The process of peptide-loading and selection on MHC-I molecules is highly complex and dynamic. Biophysical studies have provided insights into the role of protein dynamics in different steps of the antigen processing and presentation pathway (Figure 3). However, there are still areas that warrant further investigations. Analysis has been primarily focused on model systems using HLA-A and HLA-B subtypes, thus does not encompassing the entire allelic human landscape. For example, HLA-C differs from the other two families in terms of surface expression and its ability to interact with NK cells, but has been largely understudied at the structural level [62,63]. Also, most studies exploit recombinant molecules lacking membrane association and glycosylation.

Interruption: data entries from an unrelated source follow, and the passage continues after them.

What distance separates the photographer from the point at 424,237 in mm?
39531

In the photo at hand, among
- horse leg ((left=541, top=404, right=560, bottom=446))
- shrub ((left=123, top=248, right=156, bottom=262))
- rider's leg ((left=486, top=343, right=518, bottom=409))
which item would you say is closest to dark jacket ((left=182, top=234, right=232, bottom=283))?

Yet, most MHC-I molecules undergo extensive, complex glycosylation at the conserved Asn86 position, which has been suggested to modulate conformational dynamics of proteins in the PLC [51,64]. Insights gained from probing these questions using complementary biophysical, structural and high-throughput functional techniques will ultimately lead to a detailed, mechanism-focused understanding of this essential immune surveillance process.

Highlights.

• MHC-I molecules exhibit allotype-dependent conformational flexibility, which is critical for their function.

• Peptide-deficient MHC-I adopts distinct groove conformations relevant for peptide binding.

• Molecular chaperones locally and allosterically modulate dynamics to edit the peptide repertoire.